A AUDIÊNCIA DE SANEAMENTO COMPARTILHADO DO ART. 357, § 3º, DO CPC/2015 E OS PRINCÍPIOS DA COOPERAÇÃO E EFETIVIDADE

Simone Furlan, Elias Marques de Medeiros Neto

Resumo


O presente trabalho tem por objetivo estudar, sob a perspectiva do modelo cooperativo de processo, o papel do juiz e sua atuação na fase de organização e saneamento, especificamente na audiência de saneamento prevista no art. 357, § 3º do Código de Processo Civil. No modelo cooperativo de processo, originário do princípio previsto no artigo 6º, do Código de Processo Civil, deverá o juiz promover constante diálogo e debate com os demais sujeitos do processo, com vistas a obter, em tempo razoável, decisão de mérito justa e efetiva. Considerando esse novo modelo processual, deverá o juiz promover o saneamento de eventuais vícios ou irregularidades e, ainda, planejar os próximos passos conjuntamente com os demais sujeitos do processo. Na pesquisa desenvolvida, verificou-se que a realização da audiência saneamento compartilhado, construída de forma cooperativa pelos sujeitos do processo, contribui para dar maior efetividade ao processo e, ainda, para legitimar a prestação da tutela jurisdicional.

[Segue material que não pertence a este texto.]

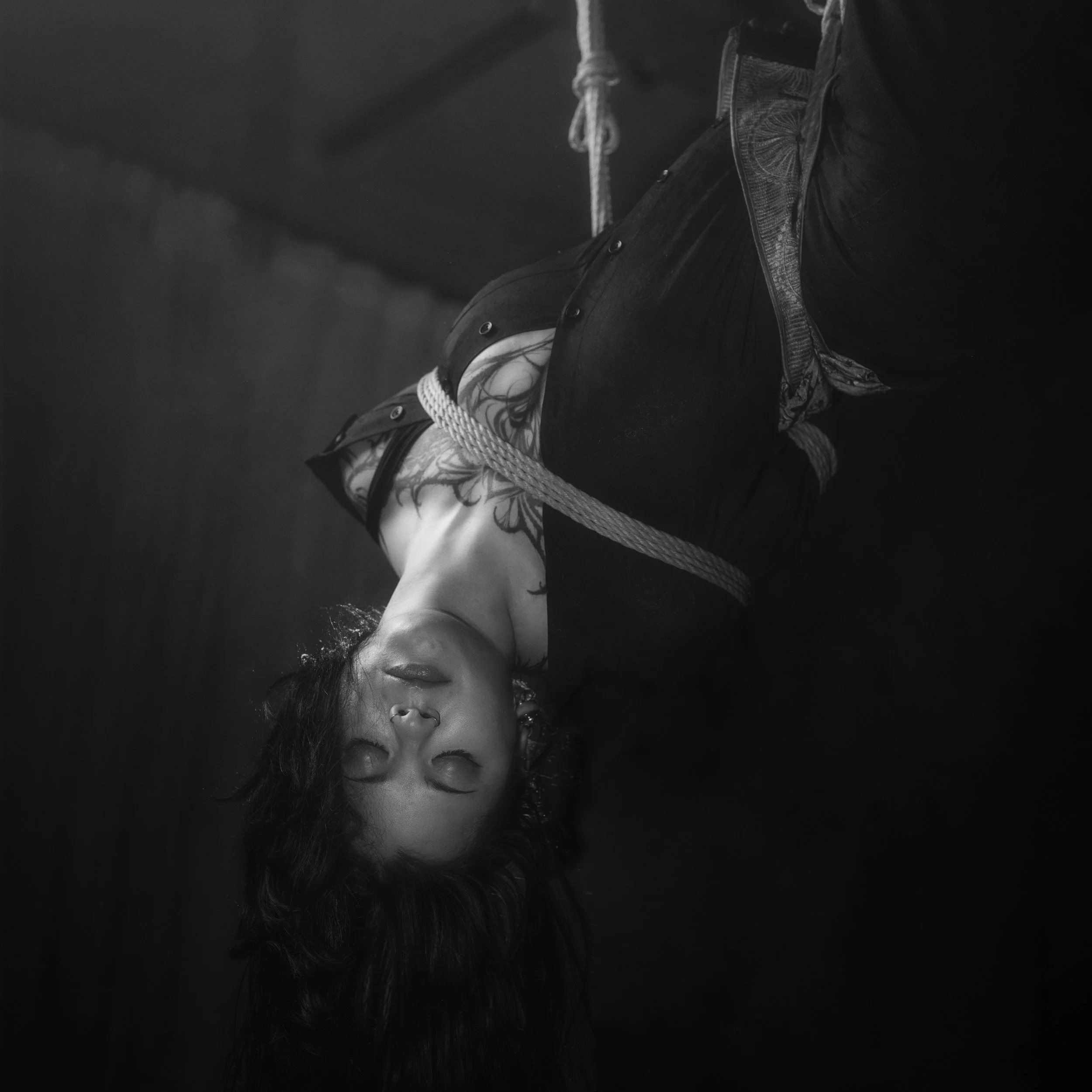 A woman lying down with her eyes closed, with long dark hair, nose piercing, and tattoos on her arm, wearing a sleeveless top, in a dark setting.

DOI: 10.12957/redp.2017.31700


Palavras-chave


Saneamento compartilhado; Cooperação; Efetividade

Texto completo:

PDF


DOI: https://doi.org/10.12957/redp.2017.31700



Direitos autorais 2017 Simone Furlan, Elias Marques de Medeiros Neto

Licença Creative Commons
Esta obra está licenciada sob uma licença Creative Commons Atribuição 4.0 Internacional.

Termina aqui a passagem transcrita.